Low Sales in 2018 cost the GTA Billions

Forecasting is more of an art than a science, so in theory it is unfair to base too much off a prediction for the future. However, when forecasts come from subject matter experts, they tend to carry a lot of weight. Such is the case when TREB or CREA provide outlooks for the upcoming year. Many decisions get made based off of their guidance, and thus, there are consequences, both positive and negative, when those predictions are off.

For the GTA in 2018, the sales forecast by TREB ended up being high by 14% (90,000 to the actual 77,426 sales), while the price estimate was closer to the mark, being 5% above. Unfortunately for the general productivity of the economy, with the prediction from TREB having ended up being high for 2018, the benefits from the estimated higher sales and higher prices did not materialize for the region. This is a problem for the GTA because the financial spinoffs from housing could have equaled significant dollars for the economy.

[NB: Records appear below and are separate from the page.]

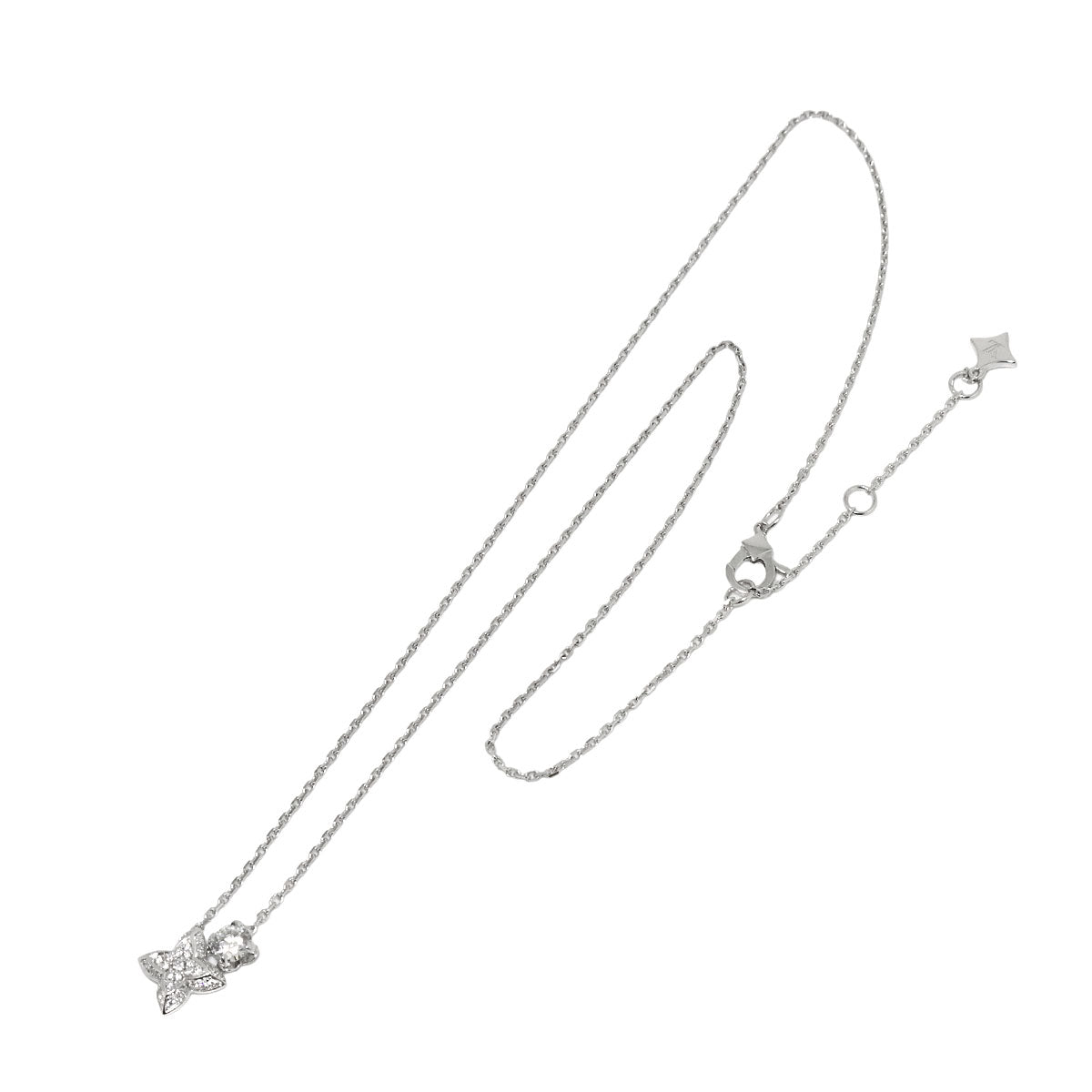 Double Diamond Necklace 18K WG 750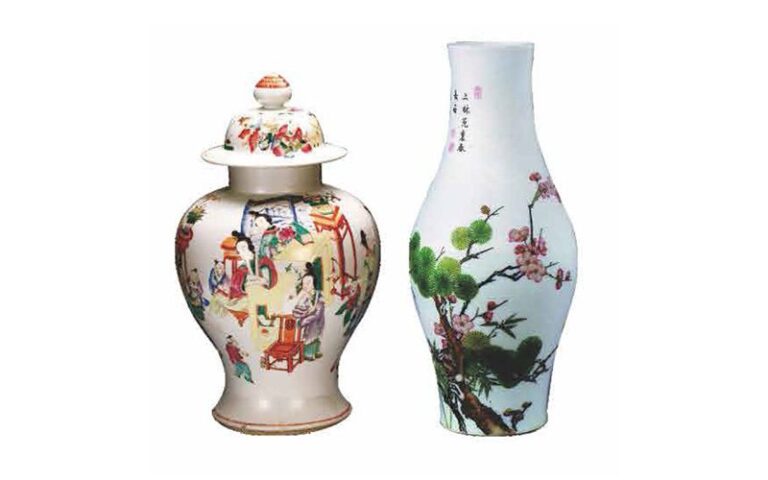Decorative ceramic vessels illustrating an industrial CMC application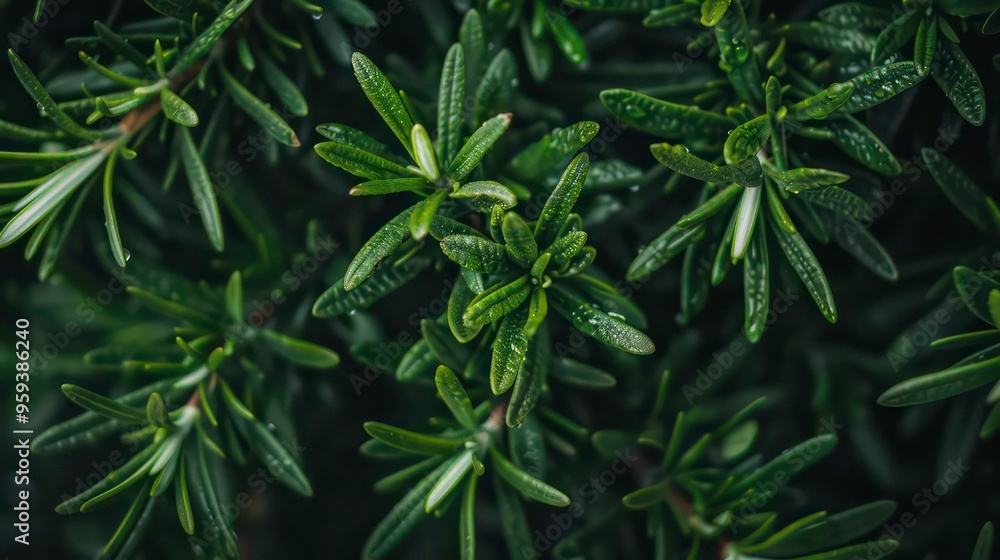 Sticker Close-up of dew-covered rosemary leaves with a dark background.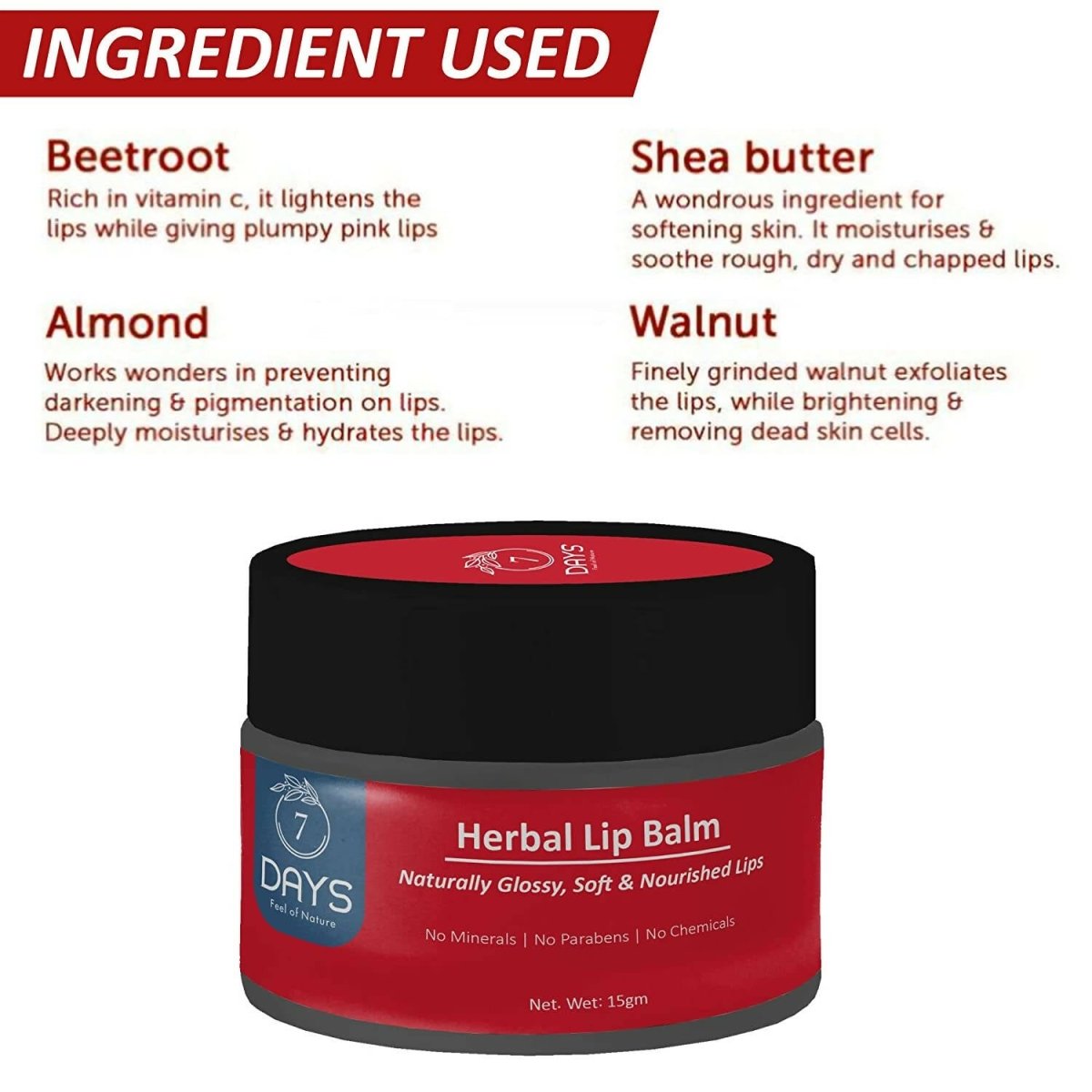 7 DAYS Herbal Lip Balm 
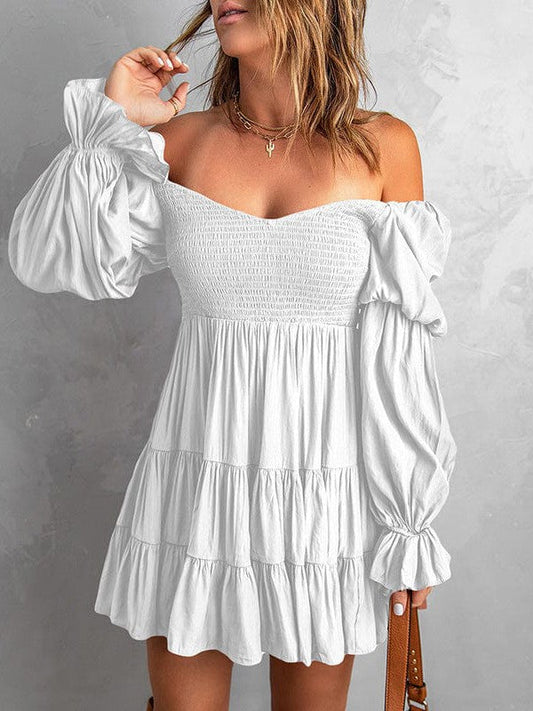 Stylish Square Neck Long-Sleeve Ruffled Dress in Solid Colors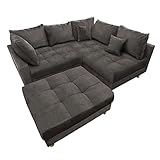 riess-ambiente.de Moderne Wohnlandschaft Kent 220cm grau Samt | Ecksofa...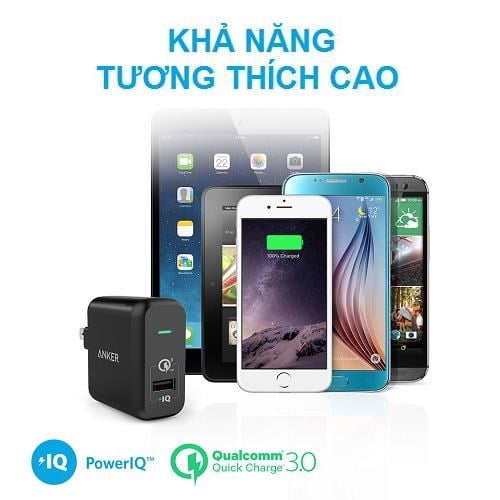 Sạc tường Anker PowerPort+ 1 with Quick Charge 3.0 US Black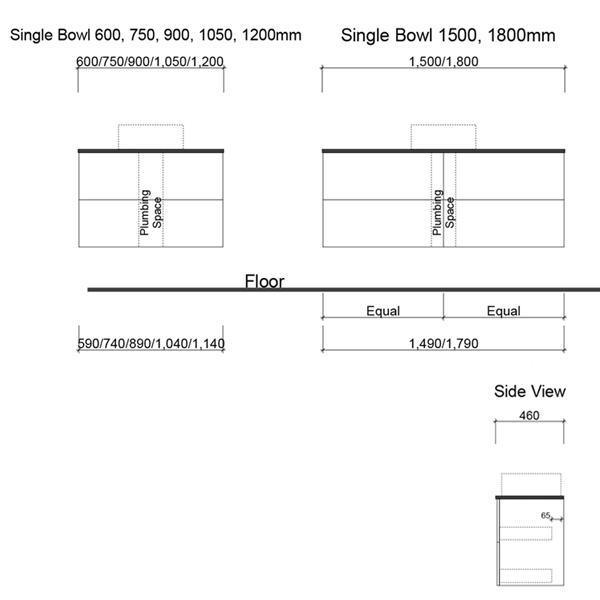 TIMBERLINE OXBOW W/H 900 VANITY 20MM SILK SURAFCE TOP LESS BASIN - Burdens Plumbing
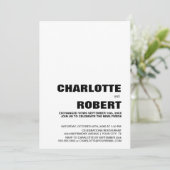 Moderne Ontvangst Zwarte Witte Bruiloft Kaart (Staand voorkant)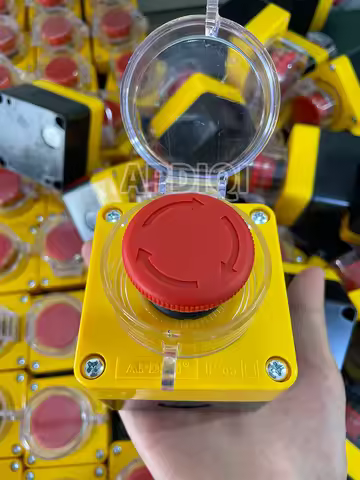 One Hole Waterproof Plastic Emergency Stop Mushroom Head Yellow AK1 Push Button Box Switch Elevator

TREB has estimated the economic output from each home sold in the Greater Toronto Area to be $68,275. This figure includes spending on items like renovations, new furniture, moving expenses, legal fees and taxes. As the region saw roughly 12,500 fewer homes sold in 2018 than TREB’s forecast of 90,000, nearly $860 million worth of anticipated related spending did not materialize.

realtor commissionsSource: TREB, Six Housing Sense

TREB members themselves might actually have been the hardest hit by the reduced volume of sales. Typical commission for a realtor in Toronto is 2.5%, with most deals having a listing and buying agent involved for a total of 5% of each home sale. As a result of the lower than anticipated average sale price and the weaker sales volumes, TREB realtors were out roughly $630 million in commission revenue by the end of the year. These two elements of economic output from real estate alone cost the GTA nearly $1.5 billion in 2018.

The impact of fewer sales is most notably hitting the total volume of dollars being spent on resale real estate transactions each year in the GTA. Total spending on home purchases peaked in 2016 at $82.5 billion and has since fallen each of the last two years. In fact, 2018 erased all gains made since 2015, ending just under $61 billion. That represents a decrease of over $21 billion since 2016 and roughly $15 billion from last year.

Housing transactionsSource: TREB, Six Housing Sense

The GTA housing market has been an incredible performer for almost a decade now. Year after year it has been a sure bet for strong price gains and endless confidence. Perhaps this trend will only continue, but it does appear issues are starting to emerge. The economic impacts of fewer sales are real and will start to negatively influence the local economy. To what extent that influence will be felt and impact the housing market will only be determined with time.